# [Exercise details]
Every line from the one with "Matchbox 1970 Ford" through the end of the entries below should be written out exactly; the pictures should not.
[[ Data for processing, beginning ]]
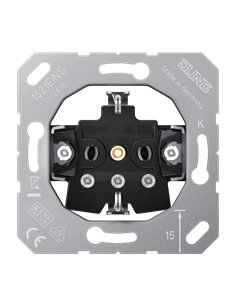 Base de soquete Schuko 2P+TT 16A JUNG 1521 EINS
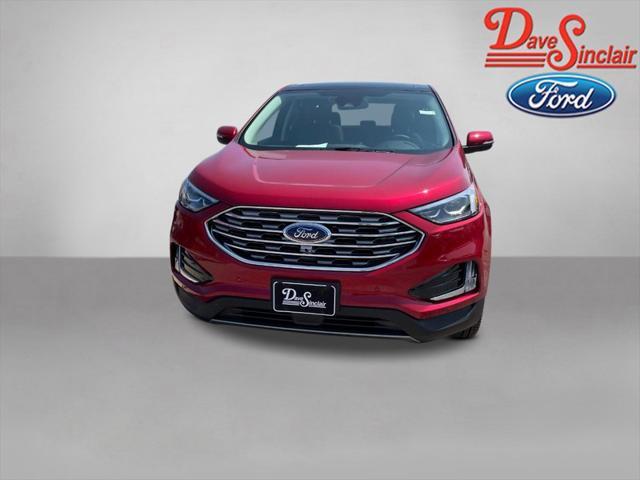 new 2024 Ford Edge car, priced at $45,050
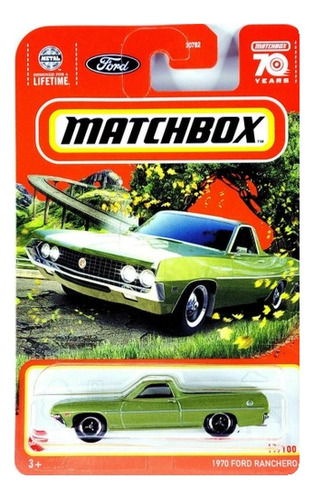 Matchbox 1970 Ford Ranchero  17/100  83/100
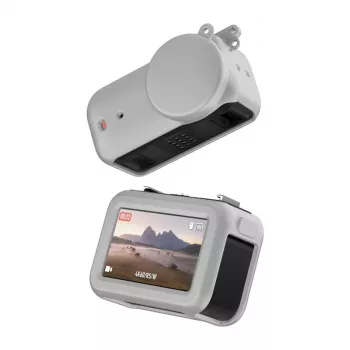 Silikónové ochranné puzdro Puluz pre DJI Osmo Nano (sivá)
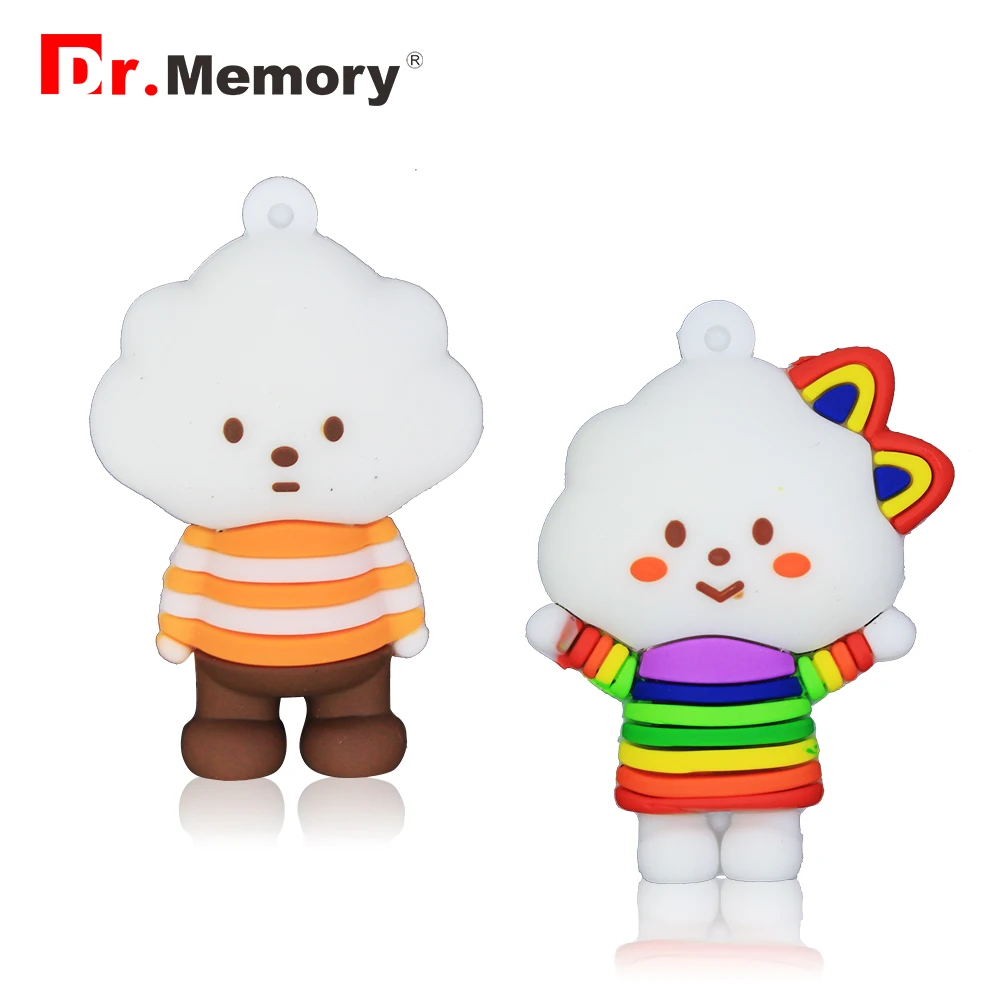 Cartoon 64GB USB Flash Drive White Cloud Rainbow Pendrive 32GB Personalized Full Capacity 16GB Memory Stick Pen Drive U Disk Cartoon 64GB USB Flash Drive White Cloud Rainbow Pendrive 32GB Personalized Full Capacity 16GB Memory Stick Pen Drive U Disk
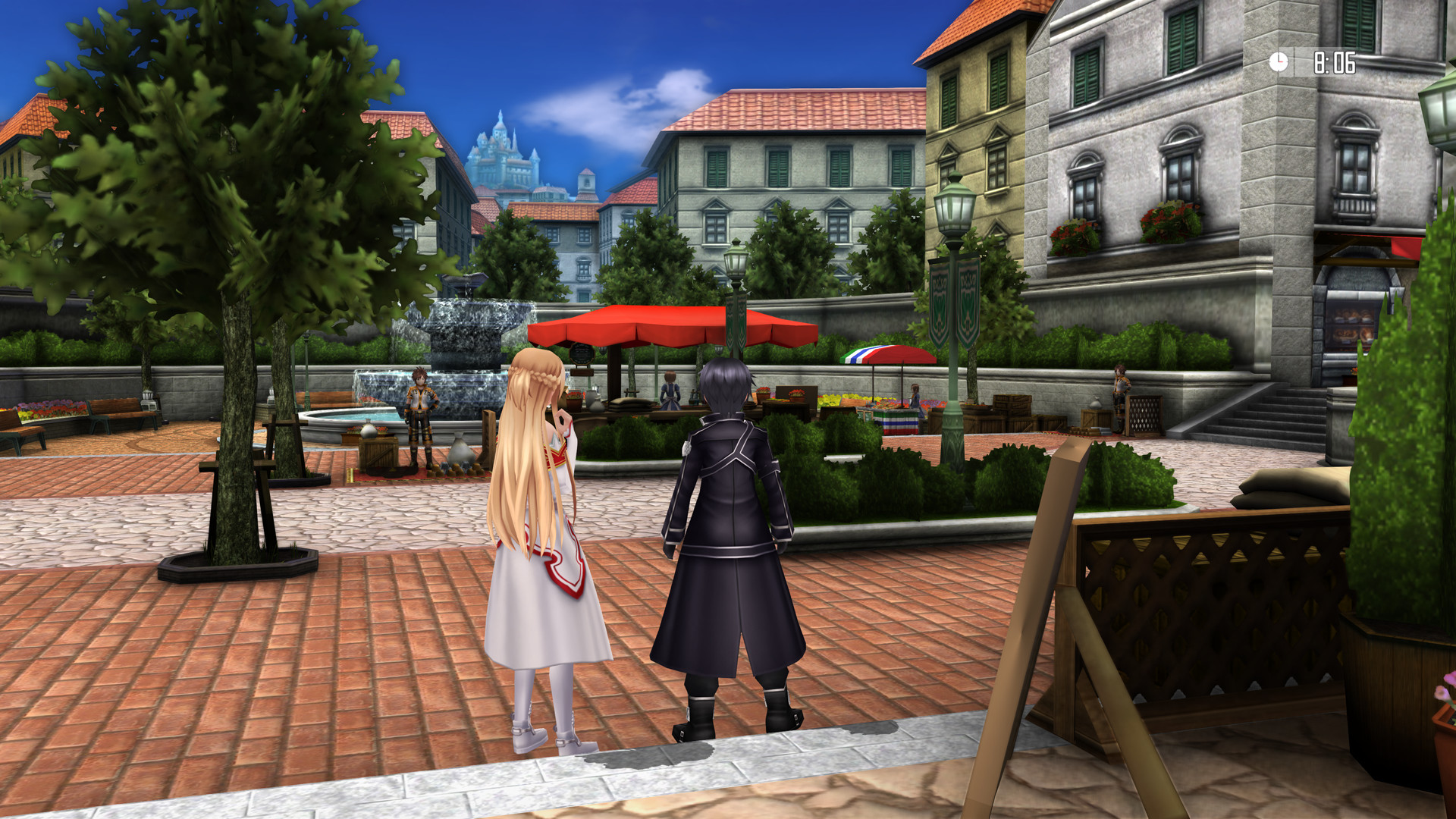 Скриншот: Sword Art Online Re: Hollow Fragment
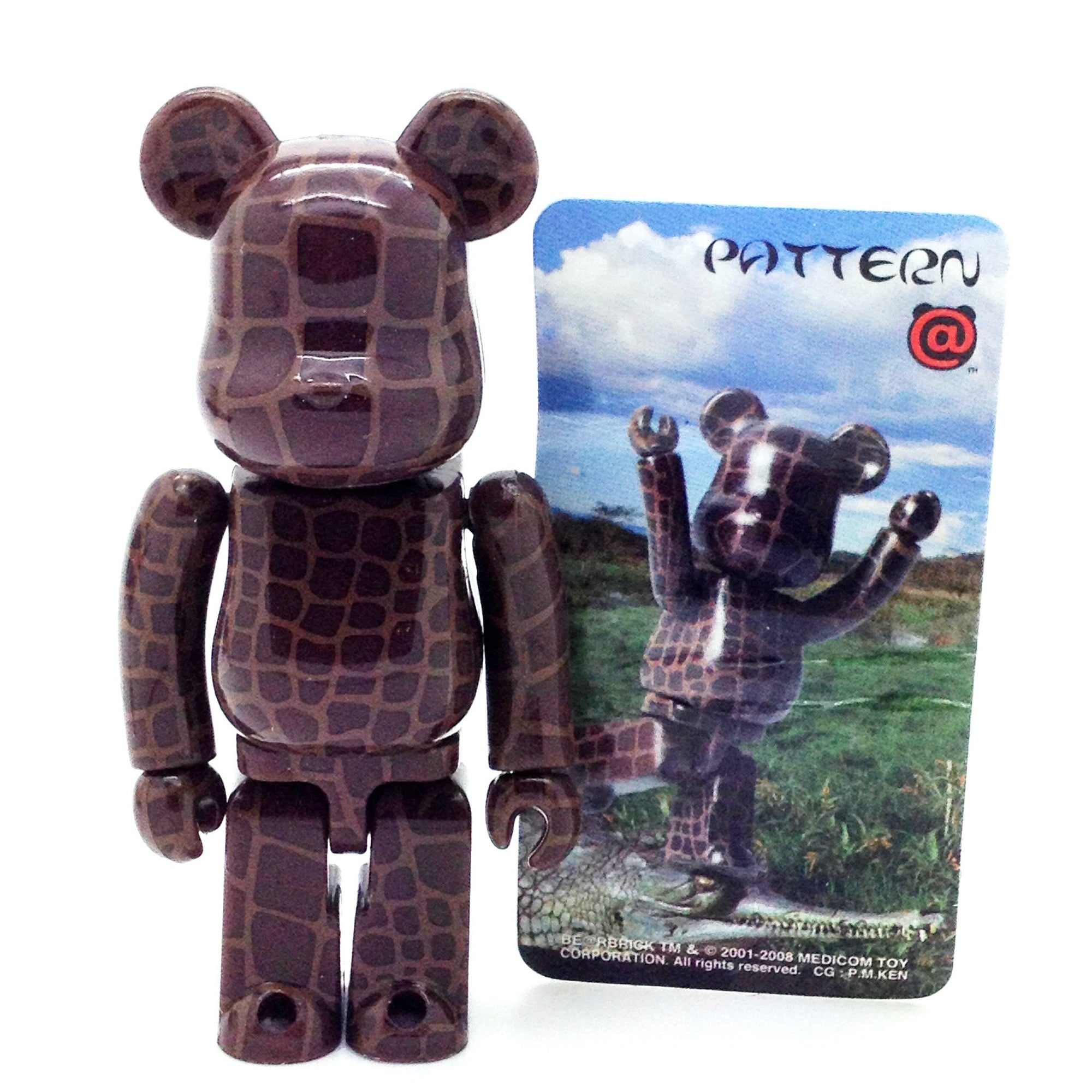 Bearbrick Series 16 - Pattern - Mindzai  - 1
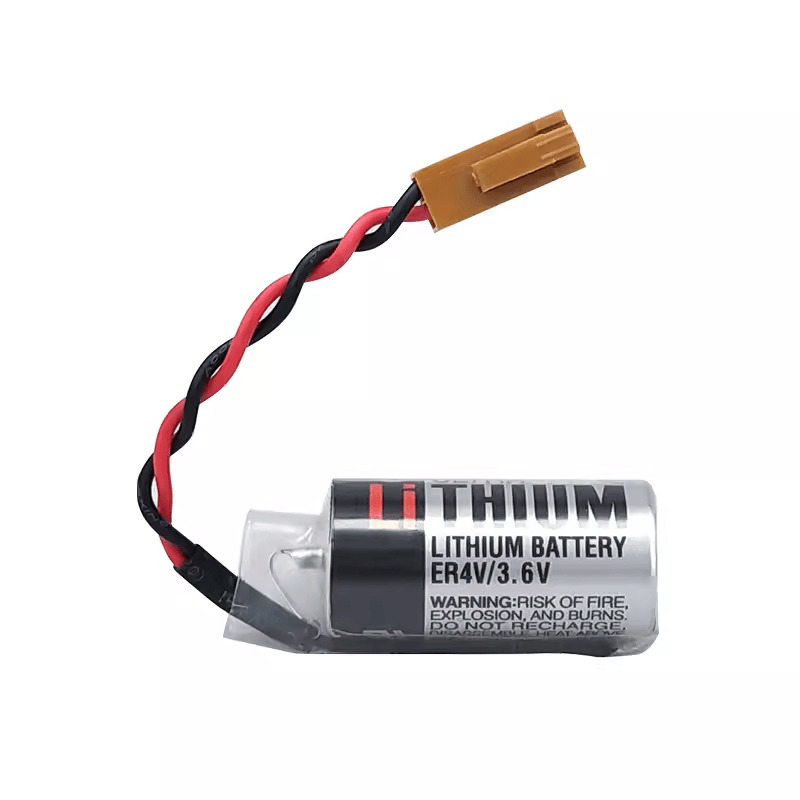 东芝ER4V 3.6v欧姆龙PLC设备仪器数控机床后备记忆数据主板锂电池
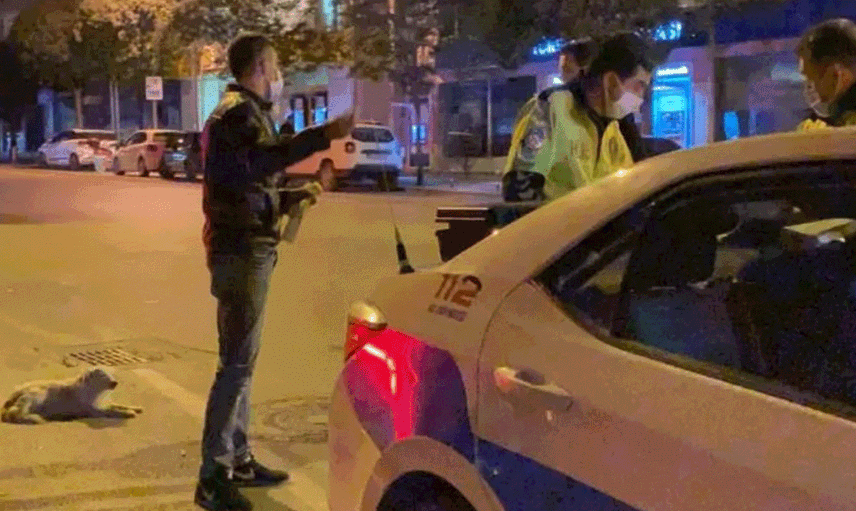 Alkollü ve Ehliyetsiz Yakalanan Sürücünün Koronavirüs Karantinasını Deldiği Ortaya Çıktı!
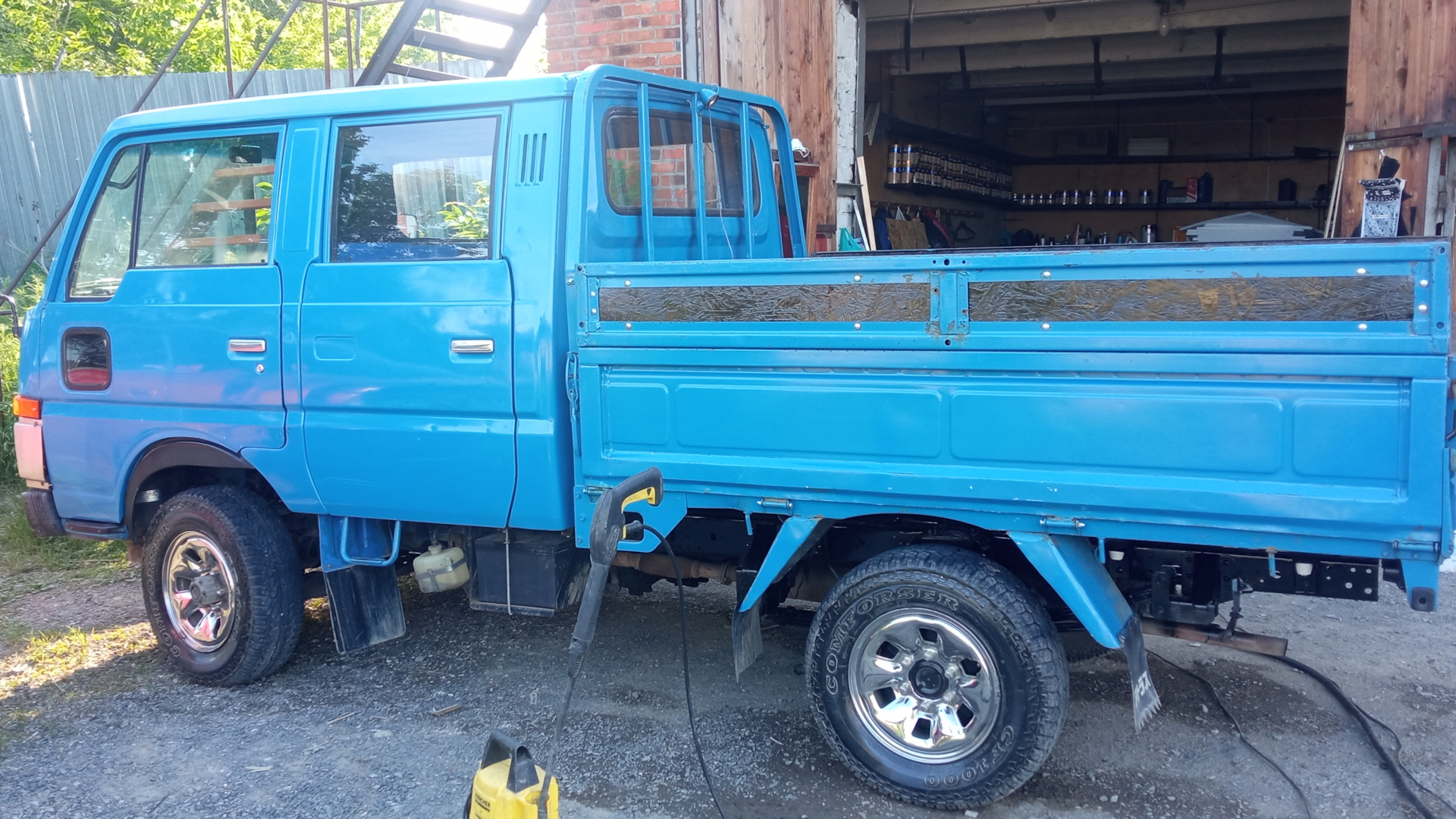 Nissan Atlas 2.7 дизельный 1991 | Синий дьвол amf22 td 27 на DRIVE2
[[ Data for processing, end ]]
# [Output for this task]
 Matchbox 1970 Ford Ranchero  17/100  83/100
 Silikónové ochranné puzdro Puluz pre DJI Osmo Nano (sivá)
 Cartoon 64GB USB Flash Drive White Cloud Rainbow Pendrive 32GB Personalized Full Capacity 16GB Memory Stick Pen Drive U Disk Cartoon 64GB USB Flash Drive White Cloud Rainbow Pendrive 32GB Personalized Full Capacity 16GB Memory Stick Pen Drive U Disk
 Скриншот: Sword Art Online Re: Hollow Fragment
 Bearbrick Series 16 - Pattern - Mindzai  - 1
 东芝ER4V 3.6v欧姆龙PLC设备仪器数控机床后备记忆数据主板锂电池
 Alkollü ve Ehliyetsiz Yakalanan Sürücünün Koronavirüs Karantinasını Deldiği Ortaya Çıktı!
 Nissan Atlas 2.7 дизельный 1991 | Синий дьвол amf22 td 27 на DRIVE2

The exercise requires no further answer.